The data START

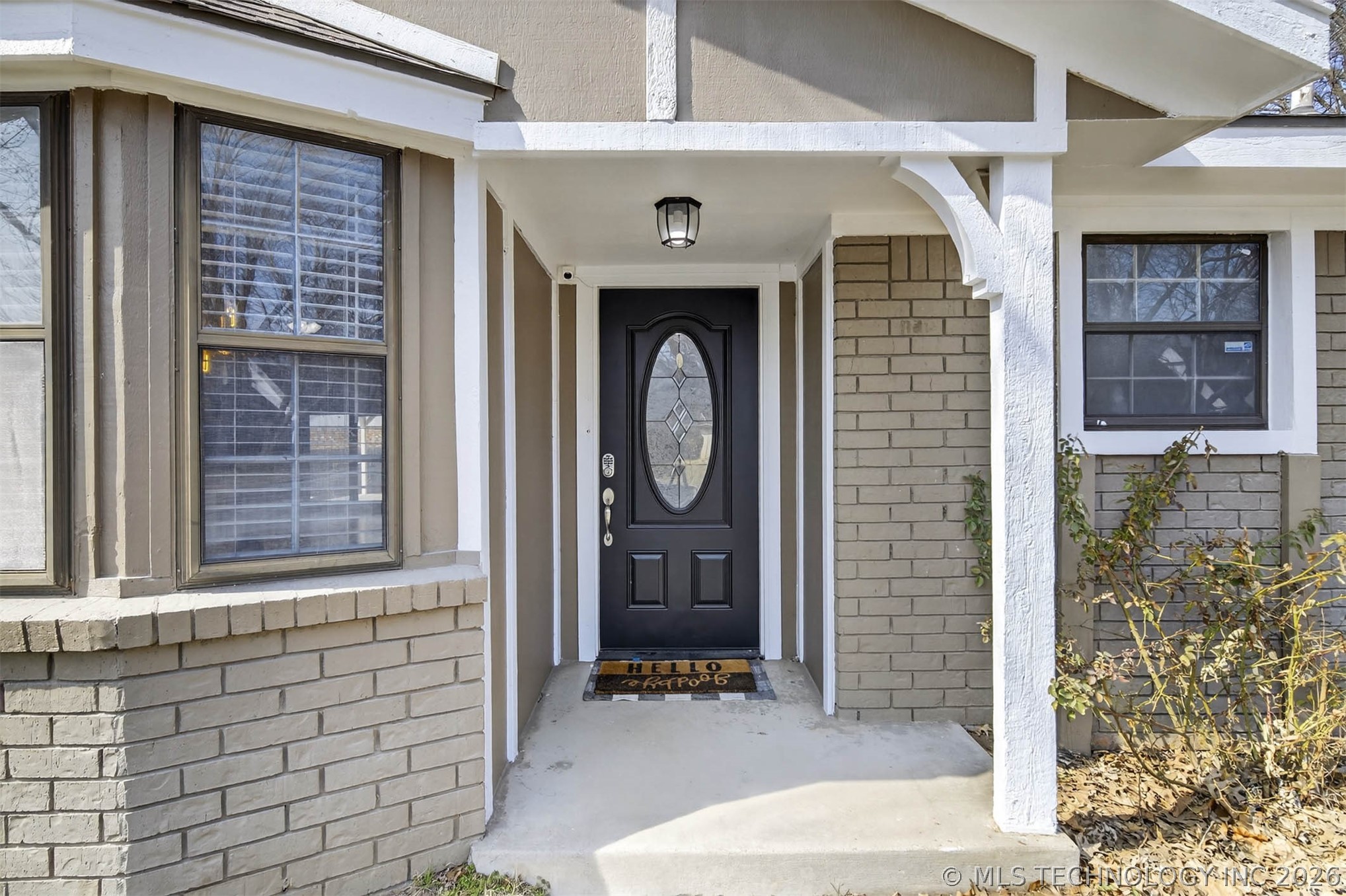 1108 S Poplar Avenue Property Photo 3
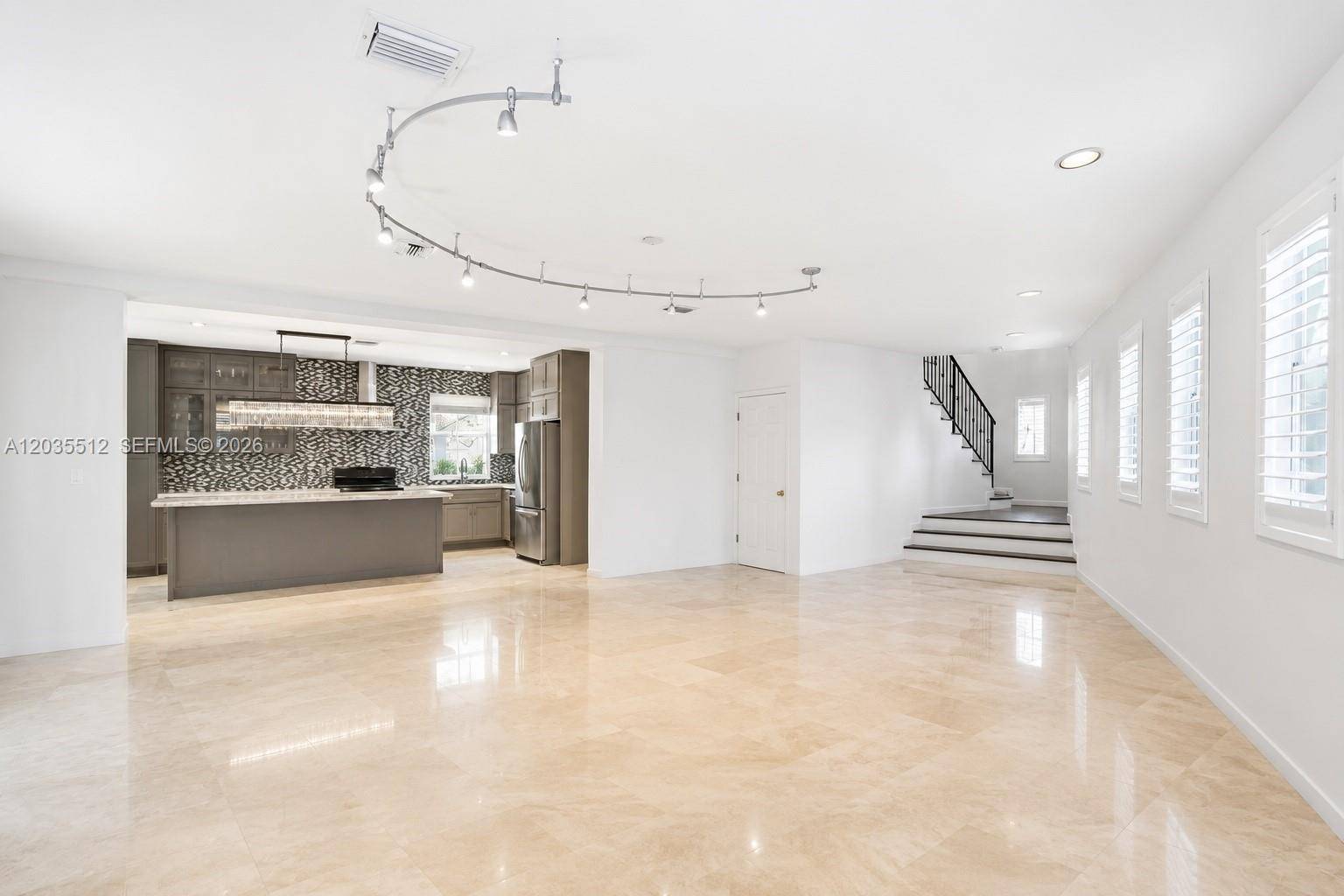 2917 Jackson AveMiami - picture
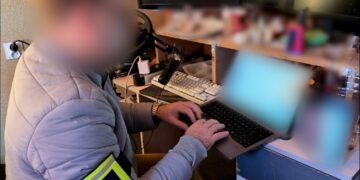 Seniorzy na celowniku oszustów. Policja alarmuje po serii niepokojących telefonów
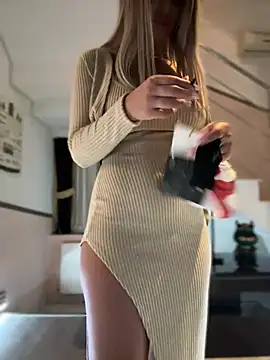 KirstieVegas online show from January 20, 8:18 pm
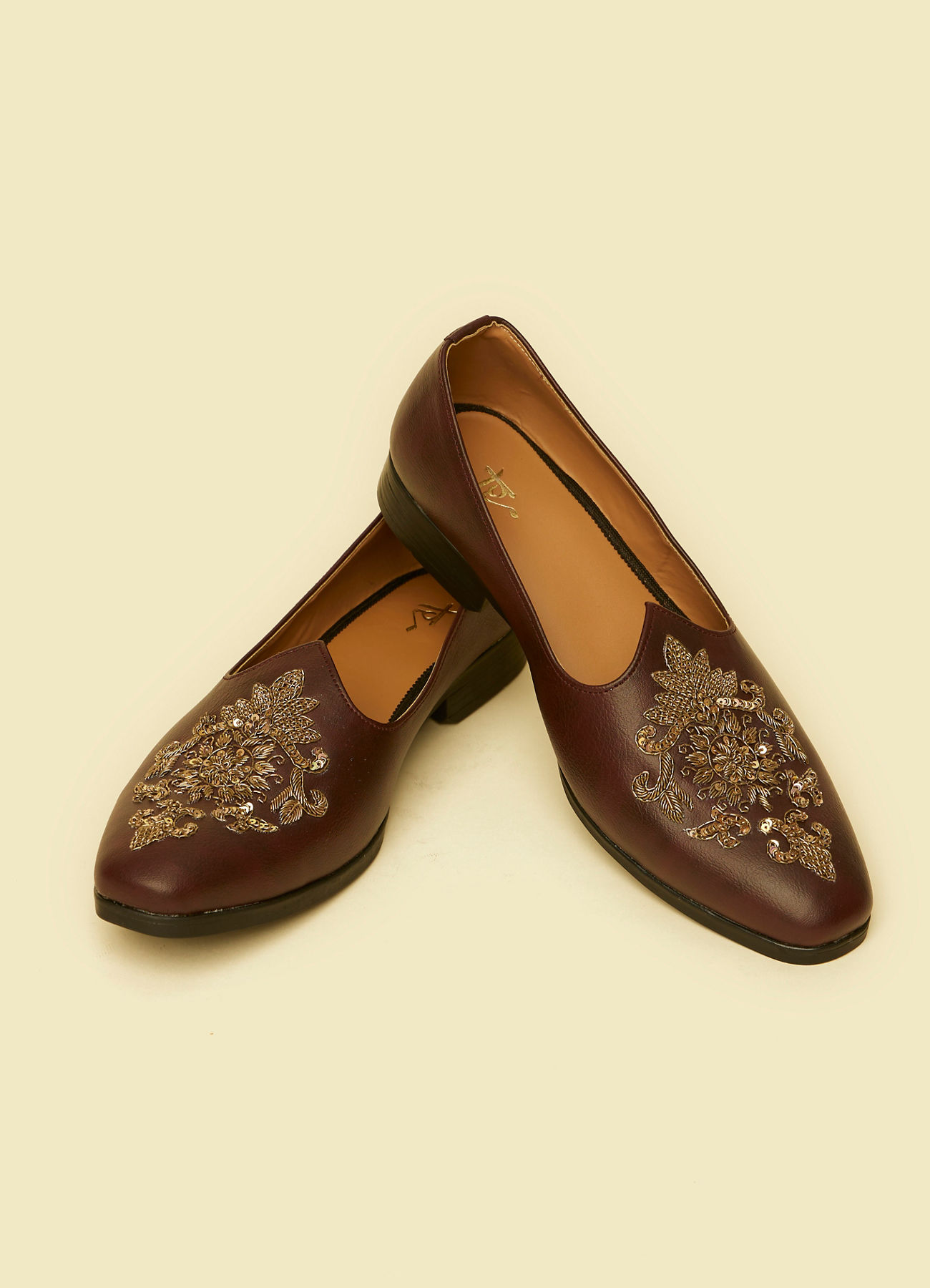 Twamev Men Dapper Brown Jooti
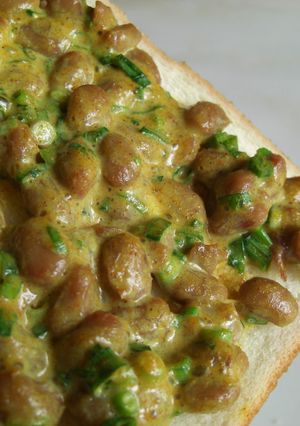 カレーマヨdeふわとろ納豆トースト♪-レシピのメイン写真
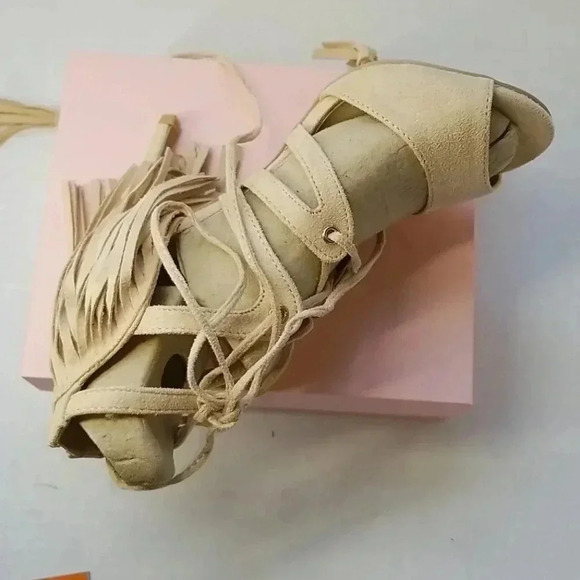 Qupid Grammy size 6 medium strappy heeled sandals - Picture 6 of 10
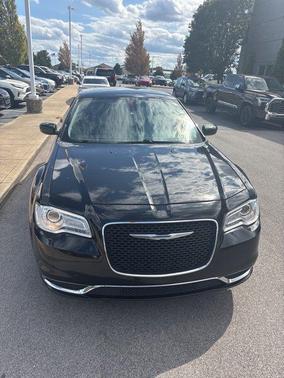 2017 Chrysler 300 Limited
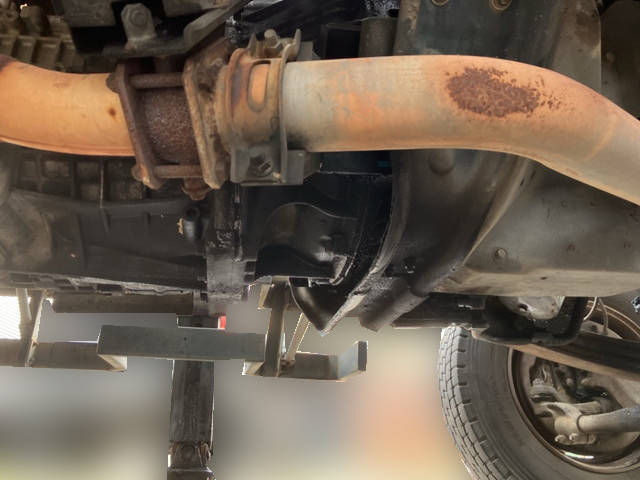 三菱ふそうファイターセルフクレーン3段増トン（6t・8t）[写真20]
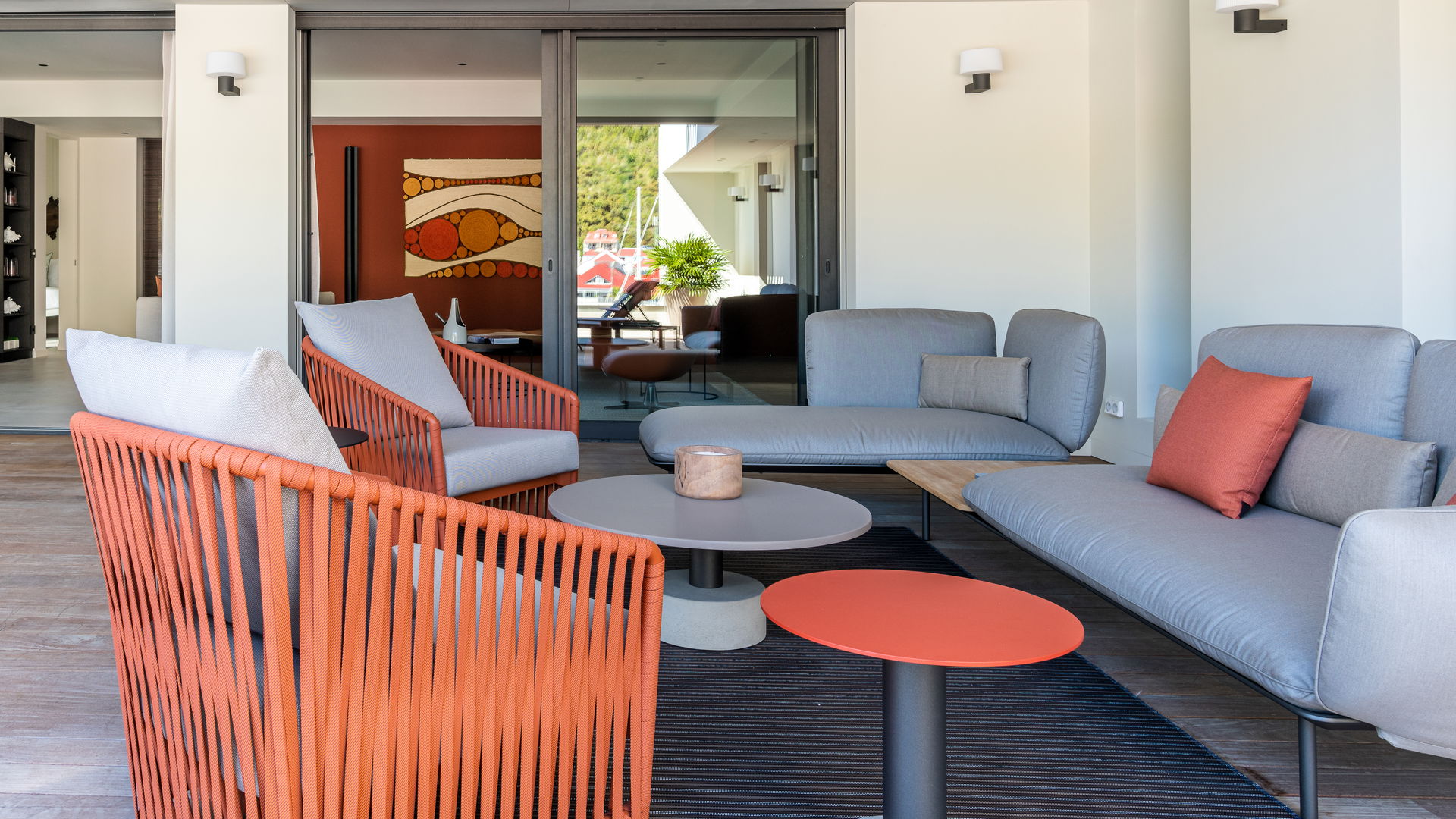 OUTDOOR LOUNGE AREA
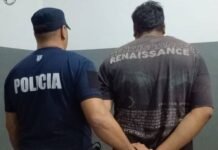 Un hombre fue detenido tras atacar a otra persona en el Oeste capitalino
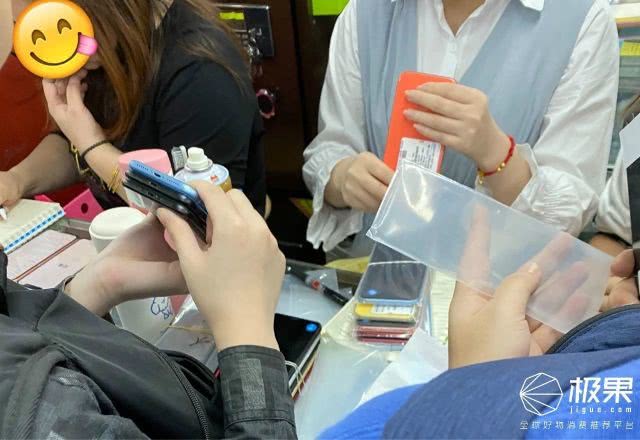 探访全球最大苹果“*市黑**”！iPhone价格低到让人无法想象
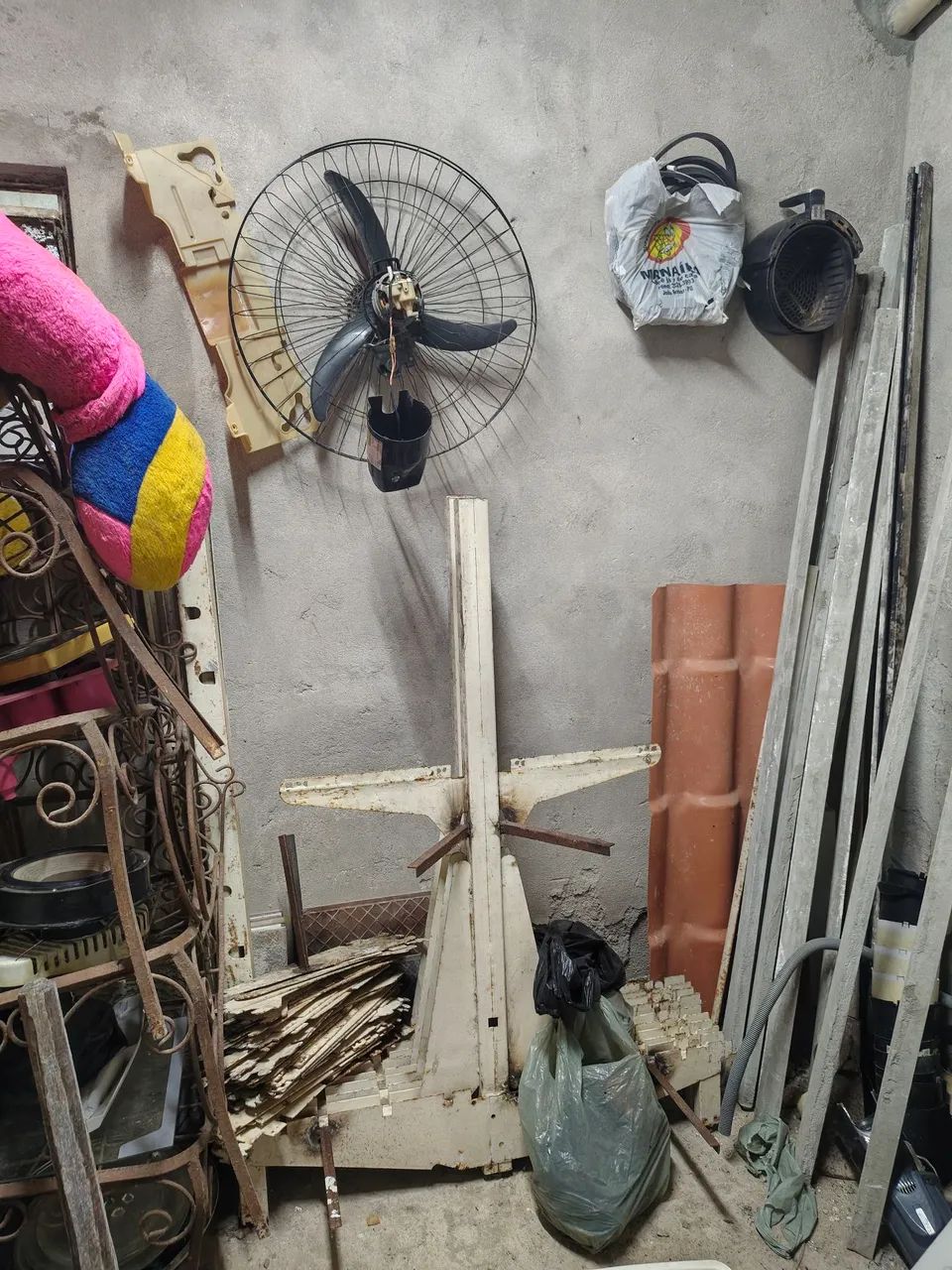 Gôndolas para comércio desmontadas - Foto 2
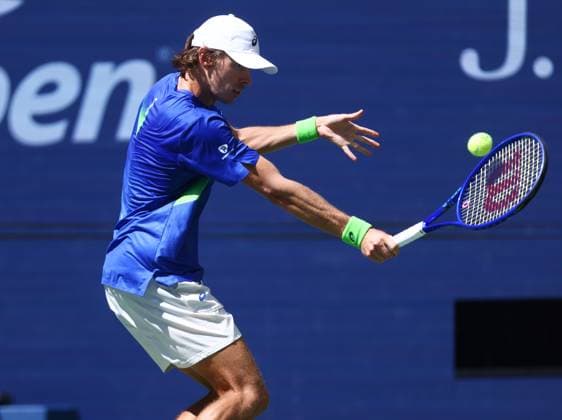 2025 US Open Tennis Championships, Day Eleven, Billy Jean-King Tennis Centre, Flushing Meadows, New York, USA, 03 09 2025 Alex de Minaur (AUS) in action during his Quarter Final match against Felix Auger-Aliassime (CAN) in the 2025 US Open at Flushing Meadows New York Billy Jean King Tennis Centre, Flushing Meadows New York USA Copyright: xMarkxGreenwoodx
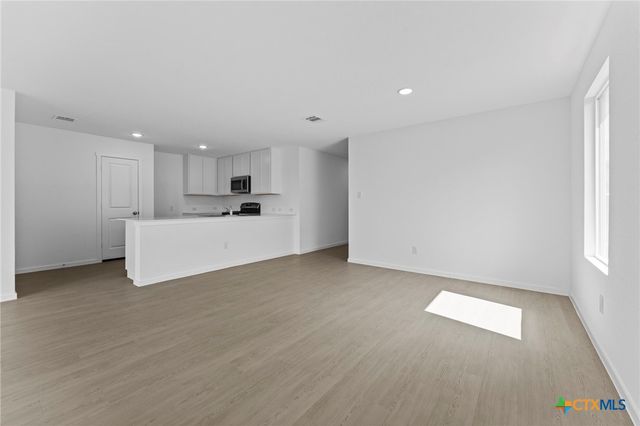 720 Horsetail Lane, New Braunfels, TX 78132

The data END

Copy the entries character for character, excluding any pictures.

 1108 S Poplar Avenue Property Photo 3
 2917 Jackson AveMiami - picture
 Seniorzy na celowniku oszustów. Policja alarmuje po serii niepokojących telefonów
 KirstieVegas online show from January 20, 8:18 pm
 Twamev Men Dapper Brown Jooti
 カレーマヨdeふわとろ納豆トースト♪-レシピのメイン写真
 Qupid Grammy size 6 medium strappy heeled sandals - Picture 6 of 10
 2017 Chrysler 300 Limited
 三菱ふそうファイターセルフクレーン3段増トン（6t・8t）[写真20]
 OUTDOOR LOUNGE AREA
 Un hombre fue detenido tras atacar a otra persona en el Oeste capitalino
 探访全球最大苹果“*市黑**”！iPhone价格低到让人无法想象
 Gôndolas para comércio desmontadas - Foto 2
 2025 US Open Tennis Championships, Day Eleven, Billy Jean-King Tennis Centre, Flushing Meadows, New York, USA, 03 09 2025 Alex de Minaur (AUS) in action during his Quarter Final match against Felix Auger-Aliassime (CAN) in the 2025 US Open at Flushing Meadows New York Billy Jean King Tennis Centre, Flushing Meadows New York USA Copyright: xMarkxGreenwoodx
 720 Horsetail Lane, New Braunfels, TX 78132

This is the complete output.